Matlab is behind R and Python for both data cleaning and analysis. This is
especially true if you have string variables and factor variables. Matlab's
great if you are doing matrix operations of clean data (and you don't need to
do anything fancy in how you report them). But, I don't find it worth using
for real data analysis.

Python and R are both great, though they feel pretty similar to me. Python
obviously has the big advantage if you want to do general purpose computing
too. Python has been faster than R in most cases I've compared them. For my
work, development speed is more important than execution speed... so this
hasn't been a huge factor for me.

R has a couple of big advantages. First, the libraries. This is a big deal for
me. I saw that there is a python equivalent to ggplot2 in the works. This will
definitely strengthen the case for python, but the availability of libraries
in R is awesome.

Second, the community and help resources in R are amazing. I rarely run into a
problems in R that haven't already been addressed on stackexchange.com.
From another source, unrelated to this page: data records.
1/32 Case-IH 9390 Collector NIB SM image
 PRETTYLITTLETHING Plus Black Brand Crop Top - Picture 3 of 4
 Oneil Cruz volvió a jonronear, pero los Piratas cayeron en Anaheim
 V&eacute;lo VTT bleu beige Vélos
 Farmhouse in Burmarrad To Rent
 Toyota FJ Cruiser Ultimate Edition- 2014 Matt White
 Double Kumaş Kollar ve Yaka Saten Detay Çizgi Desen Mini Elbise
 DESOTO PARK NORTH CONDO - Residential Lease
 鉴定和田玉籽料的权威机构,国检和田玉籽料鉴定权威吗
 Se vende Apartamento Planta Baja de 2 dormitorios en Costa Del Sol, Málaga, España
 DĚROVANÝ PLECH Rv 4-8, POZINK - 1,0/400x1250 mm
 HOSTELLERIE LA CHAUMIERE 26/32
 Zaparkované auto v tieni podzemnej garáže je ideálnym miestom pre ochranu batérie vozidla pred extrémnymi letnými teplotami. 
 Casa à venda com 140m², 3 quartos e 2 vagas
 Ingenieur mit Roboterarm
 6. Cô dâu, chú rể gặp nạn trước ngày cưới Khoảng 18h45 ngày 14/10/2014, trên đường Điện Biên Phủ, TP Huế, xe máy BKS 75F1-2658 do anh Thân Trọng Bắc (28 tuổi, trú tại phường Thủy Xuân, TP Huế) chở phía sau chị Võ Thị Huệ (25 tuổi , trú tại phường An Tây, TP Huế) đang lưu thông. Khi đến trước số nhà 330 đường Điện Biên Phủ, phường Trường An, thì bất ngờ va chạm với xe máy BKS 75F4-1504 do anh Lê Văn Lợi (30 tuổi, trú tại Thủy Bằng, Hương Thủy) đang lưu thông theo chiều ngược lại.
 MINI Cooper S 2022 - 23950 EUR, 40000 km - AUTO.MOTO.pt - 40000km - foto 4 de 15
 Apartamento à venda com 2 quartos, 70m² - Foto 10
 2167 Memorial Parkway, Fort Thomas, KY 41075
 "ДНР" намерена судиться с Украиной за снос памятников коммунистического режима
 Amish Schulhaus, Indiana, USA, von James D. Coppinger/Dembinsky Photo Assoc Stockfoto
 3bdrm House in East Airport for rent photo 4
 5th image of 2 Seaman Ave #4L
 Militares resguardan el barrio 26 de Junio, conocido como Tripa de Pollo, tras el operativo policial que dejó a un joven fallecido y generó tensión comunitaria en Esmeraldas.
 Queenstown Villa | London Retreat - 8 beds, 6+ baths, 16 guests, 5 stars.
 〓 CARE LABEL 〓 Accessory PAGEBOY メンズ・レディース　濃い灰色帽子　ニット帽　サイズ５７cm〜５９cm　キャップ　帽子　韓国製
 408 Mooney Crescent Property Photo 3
Perhaps I should be more proactive about asking python questions when I run
into them, but I usually just work it out myself (which is more time consuming
than looking the answer up online.)

Lastly, I'm not an expert on big data. But, spending relatively little time
with both R's bigmemory and Python's PyTables, it seems easier to get up to
speed on big data with R at the moment.

Though I haven't met them, my sense is that Wes, Travis Oliphant and the other
relevant python developers are putting in a heroic effort to get Python up to
speed. I have every expectation that Python will be my choice of the future.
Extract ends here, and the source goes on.